BC and the Demon Deacons swapped possession of the ball for the first eight minutes of the game before BC’s Andi Barth sent a shot flying just wide in the ninth minute. BC regained possession, and Lowenberg also attempted to put the Eagles up early just a few seconds later, but to no avail.
BC continued to look for opportunities to score, and Sam Smith sent a shot just over the crossbar. The Demon Deacons took possession of the ball and took their first shot about 18 minutes into the match.
Twenty-one minutes into the match, Sydney Segalla took the Eagles’ first shot on goal.
With less than a minute left in the first half of the match, the Demon Deacons made a charge for the goal.

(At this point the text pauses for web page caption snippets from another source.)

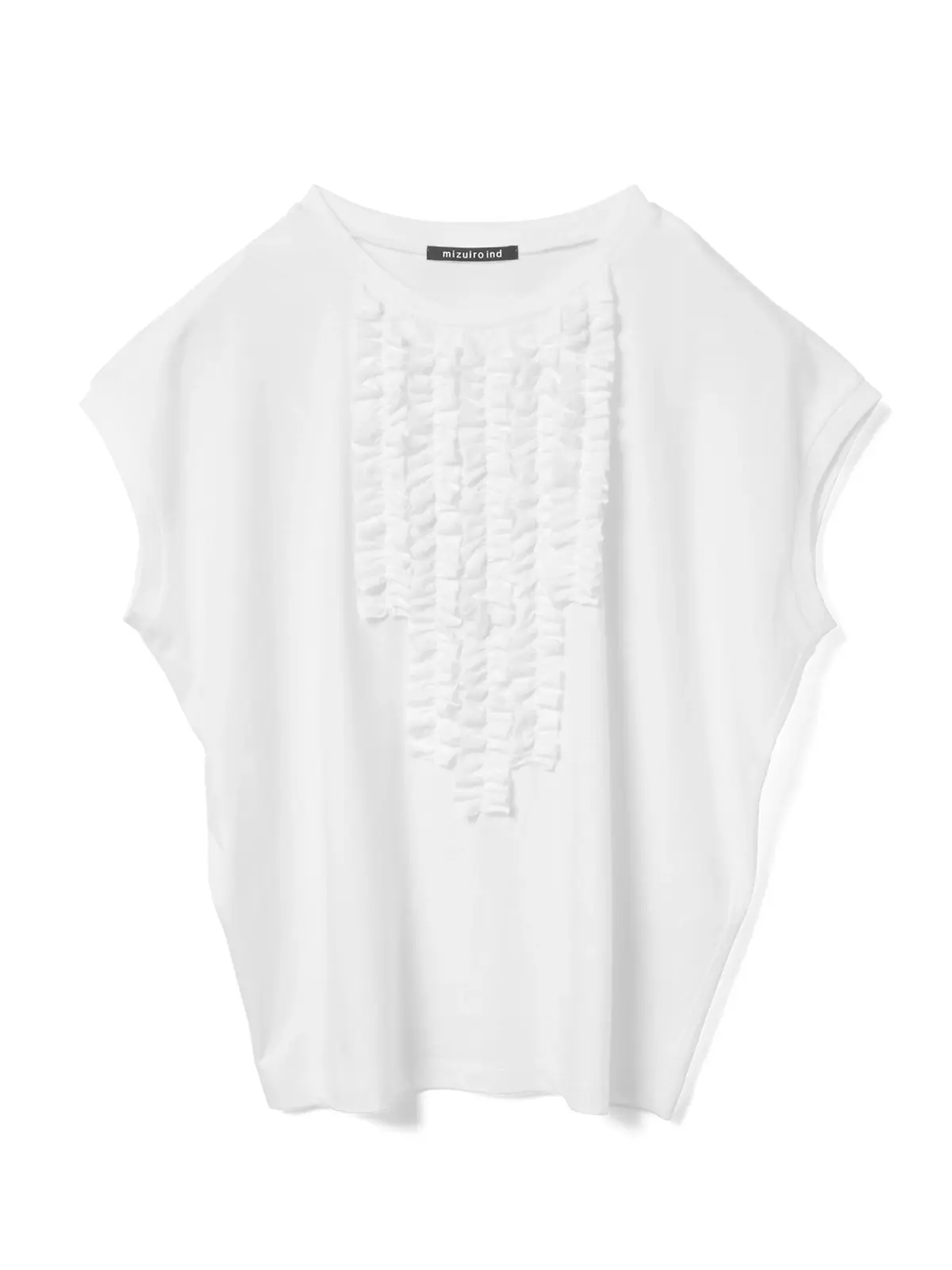 ミズイロインド　Tシャツ 白　フレンチスリーブ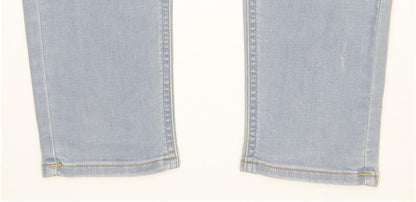 Lee Malone Women Blue Skinny Slim Stretch Jeans W28 L30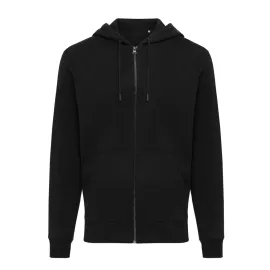 Felpa con cappuccio Iqoniq Abisko in cotone riciclato e zip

Wake Forest’s Giovanna DeMarco took a shot with six seconds to play, but BC goalkeeper Wiebke Willebrandt made a heartstopping save as the clock ran out.
Both teams played soundly on defense in the first 45 minutes of the match as each team allowed just one shot on goal from its opponent in the first half. The teams entered halftime tied 0–0.
“I thought that they were clean in the first half,” BC head coach Jason Lowe said. “To have a shutout going into the second half, that’s something we’ve been giving up with early goals, so I think just our mentality going into the second half was so much better because of how they were performing.”
The Eagles came out of halftime looking to break the tie as Barth took a shot on goal under a minute into the second half. Wake Forest also took a shot on goal at the 66-minute mark, but the first half largely repeated itself, and neither team capitalized on their chances until the game’s final 10 minutes.
Lowenberg broke the tie in the 81st minute as she sent the ball flying over Wake goalkeeper Kaitlyn Parks’ head for the first goal of the game with just under 10 minutes to play. The goal came off of a textbook assist by Laura Gouvin and Sarai Costello. The crowd jumped up as BC took the lead in its final game with just a few minutes remaining.
It looked like the Eagles would ride into a victory as the clock ran out, but with five minutes to go, Hannah Johnson sent the ball into the top shelf for Wake Forest.
“Unfortunately we couldn’t hold them off, but it’s a good Wake team,” Lowe said. “I mean, you know, that’s how it goes in the ACC—give a team one chance, and they cash in.”
After the final whistle blew, Lowe reflected on the Eagles’ season and said he hopes to see growth next year.
“We just gotta keep growing,” Lowe said. “We are trying to turn this program around, and we see a lot of growth … especially with some of our younger players. I mean, Lowenberg is a freshman getting a big time goal all the way down at the end. Sydney Segalla [had] her first start and probably [had] one of her best performances of the year.”
While Lowe commended his freshman group for showing potential down the stretch, he acknowledged the foundation his veteran players built.
“Credit to the seniors, you know, I mean they built the foundation for what we are building on now, and to send them out with their heads up high is important,” Lowe said.